## Exercise
Each line from the one with "Bague 59 Bague" through the final line of the entries below must be printed exactly, and the pictures must not be.
Provided records START
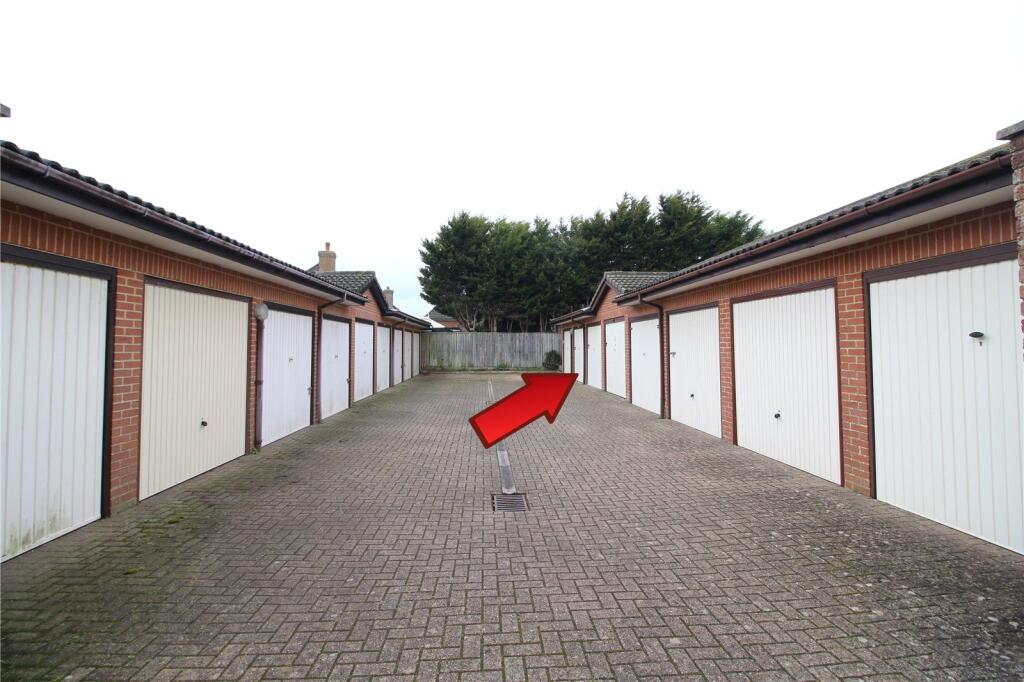 Additional image 10 of Barton Court Avenue, Barton On Sea, Hampshire, BH25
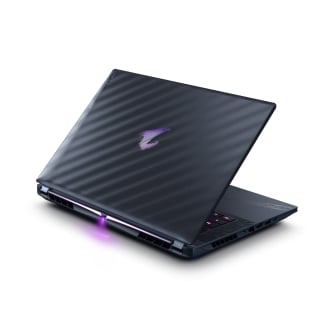 GIGABYTE AORUS MASTER 16 BYHC5PTE64SP ordenador portatil Intel Core Ultra 9 275HX Portátil 40,6 cm (16") WQXGA 32 GB DDR5-SDRAM 1 TB SSD NVIDIA GeForce RTX 5080 Wi-Fi 7 (802.11be) Windows 11 Pro Negro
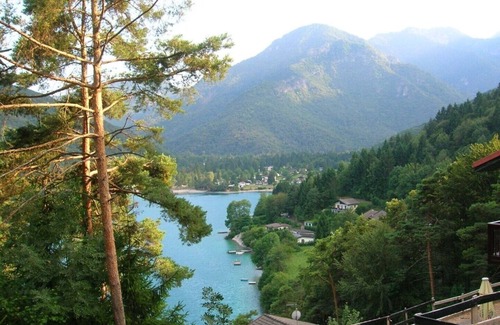 Val Maria-Pur Apartamento | Civettini House 100 mt from the lake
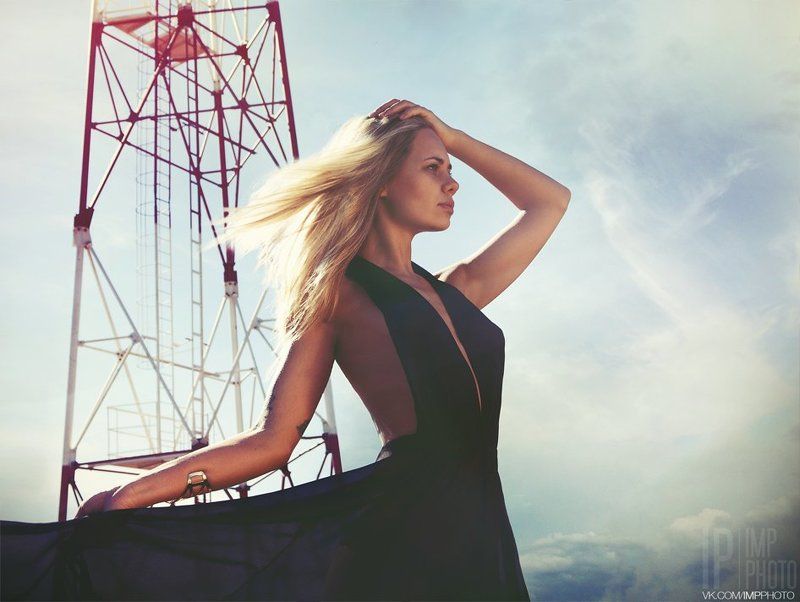 Blond, Dress, Girl, Sky, Wind, Woman skyfall фото превью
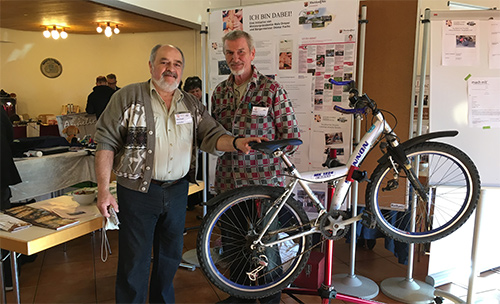 Mitglieder der Gruppe Repair-Kaffee und Reise-Lust stellten sich auf dem Regionalmarkt in Flammersfeld vor. Fotos: Verbandsgemeinde Flammersfeld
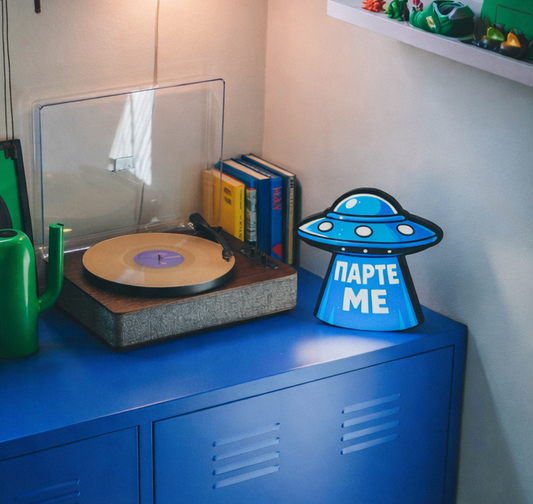 illuminated sign  ''Parte me''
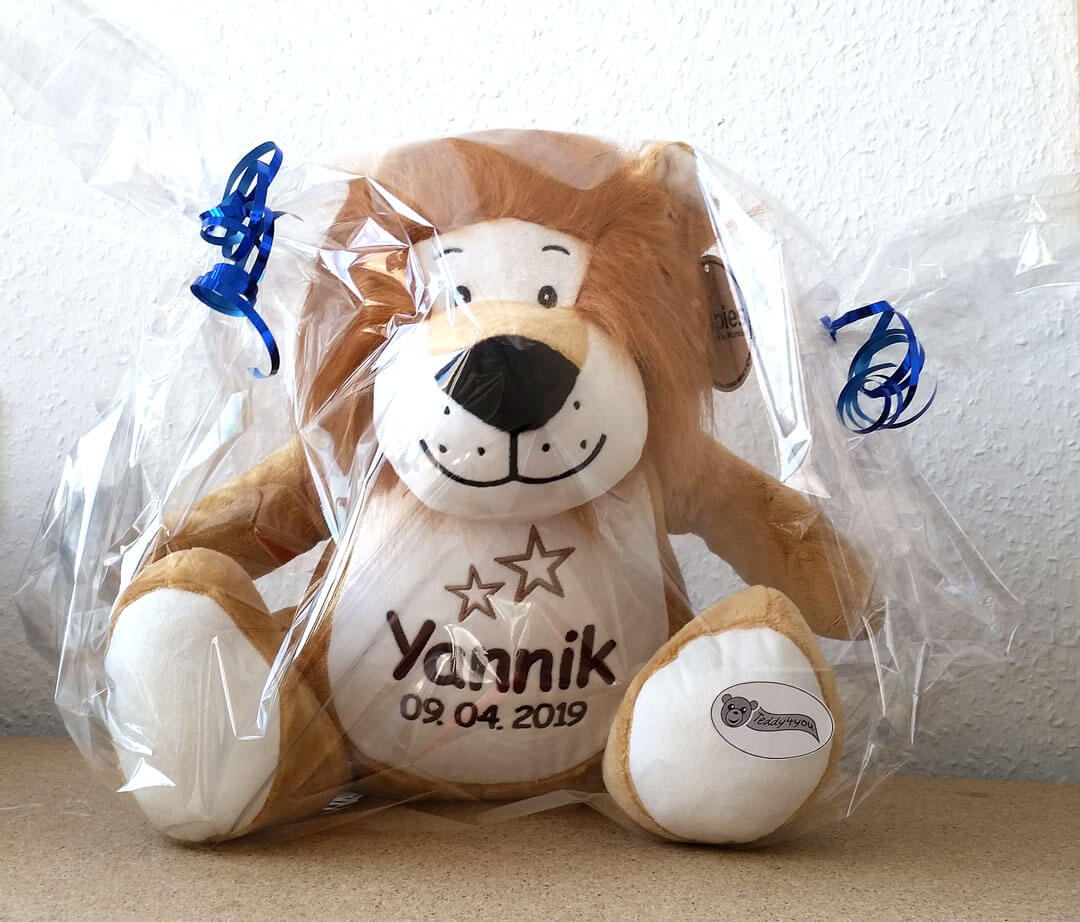 Plüschtier Löwe mit Namen in Geschenkfolie verpackt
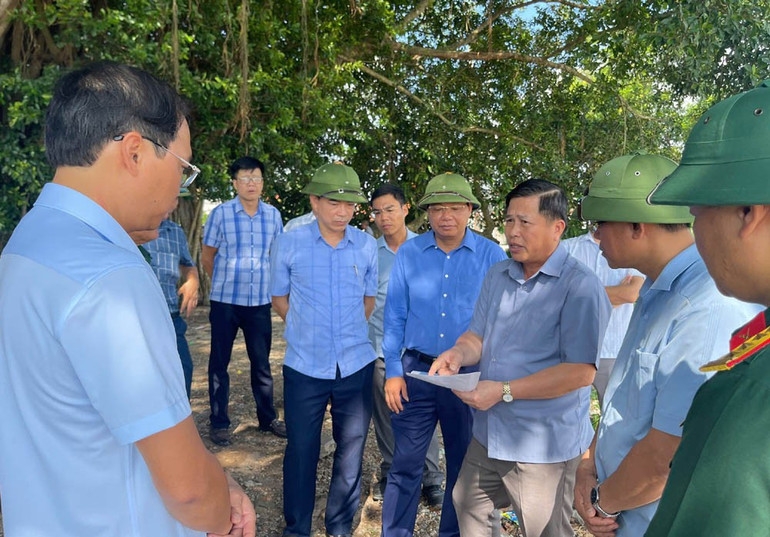 Lãnh đạo tỉnh Phú Thọ kiểm tra thực tế tại các điểm sạt lở thuộc địa bàn xã Tam Nông. Ảnh: UBND xã Tam Nông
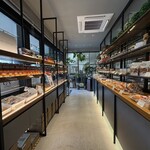 patisserie Sadaharu AOKI paris - 店内の様子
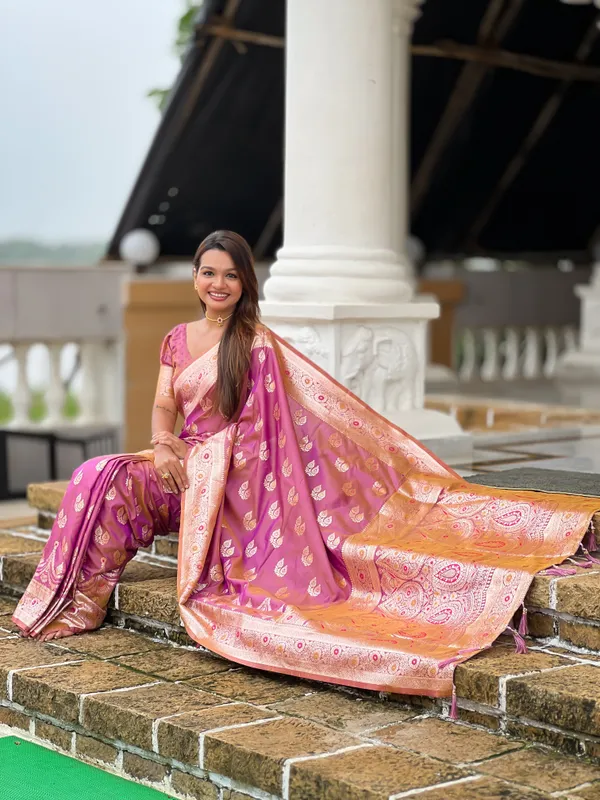 Onion_Banarasi_Banarasi_Silk_Saree_With_Unstitched_Blouse_Piece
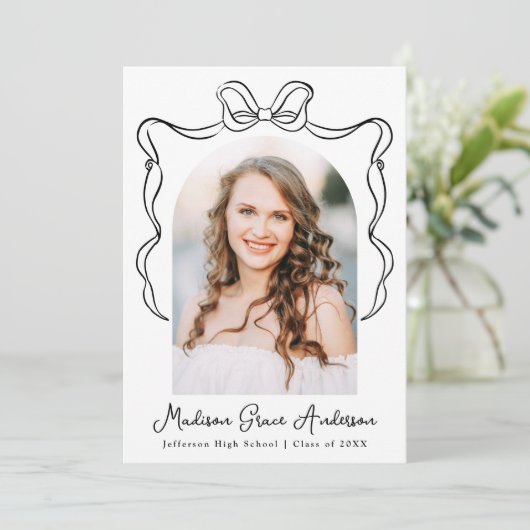 Elegant zwart  boog foto Afstuderen Aankondiging (Staand voorkant)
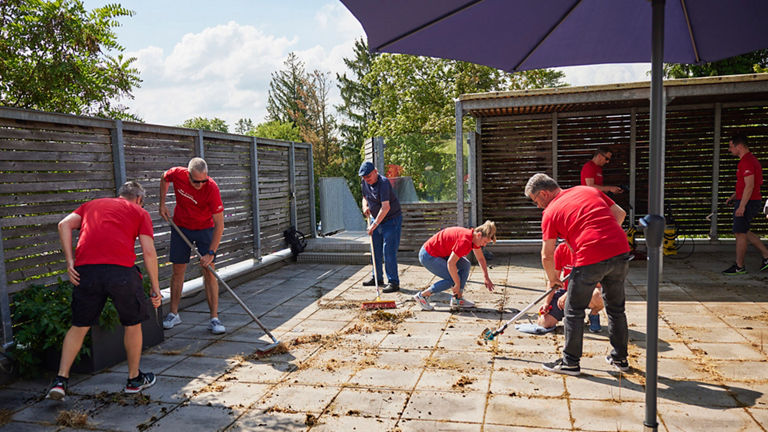 Doing good together: Audi employees renovated the roof terrace of Lebenshilfe in Ingolstadt during the Audi Social Day.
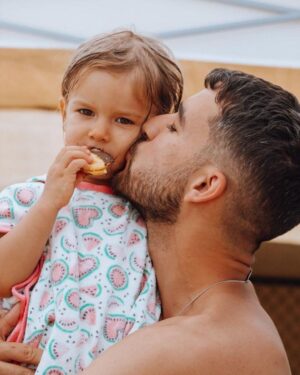 Luís Marvão Instagram - Se não for para estar de férias assim agarrado à minha Malu, nem me chamem 😍😍😍😍
Já a malu quer é chocolate 😂
📸 da nossa @brunarebelo__ph @_bruna_rebelo_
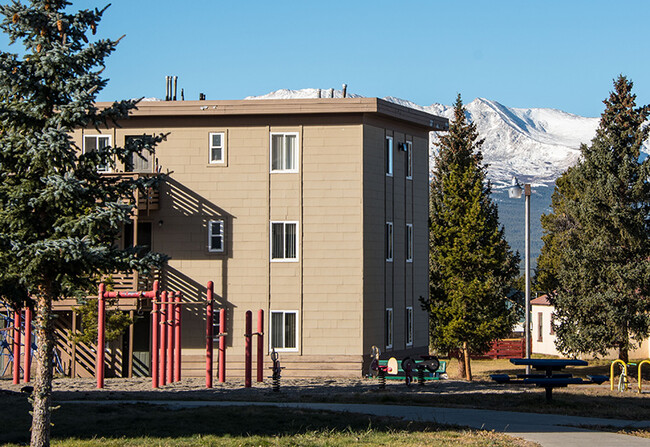 Building Photo - 1550 Mt Lincoln Dr E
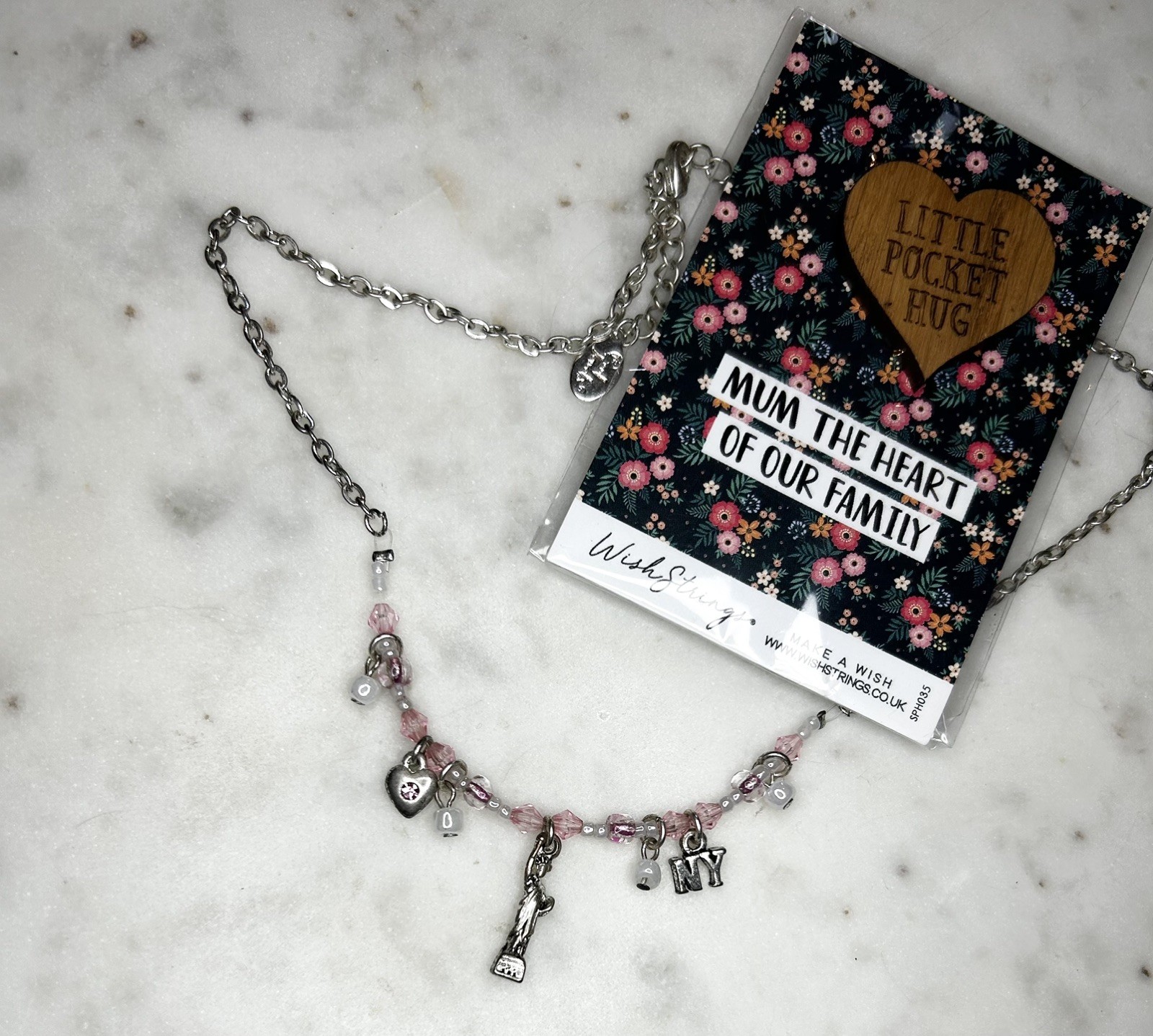 Cool Jewels Signed New York City NYC Charm Necklace Pink Pocket Hug Wood Gift 28
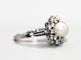 Bague 59 Bague marguerite or blanc, perle centrale, diamants 58 Facettes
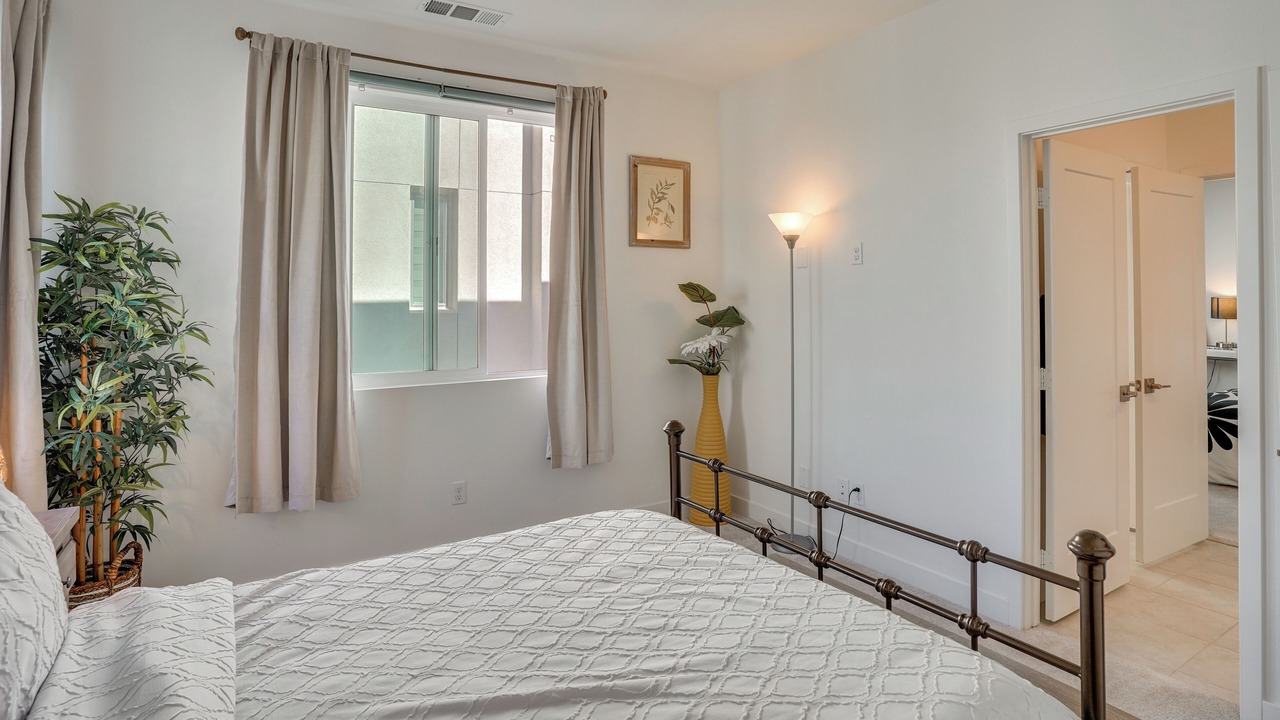 Photo of Bedroom in Platinum Triangle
Provided records END
## Answer area
 Bague 59 Bague marguerite or blanc, perle centrale, diamants 58 Facettes
 Photo of Bedroom in Platinum Triangle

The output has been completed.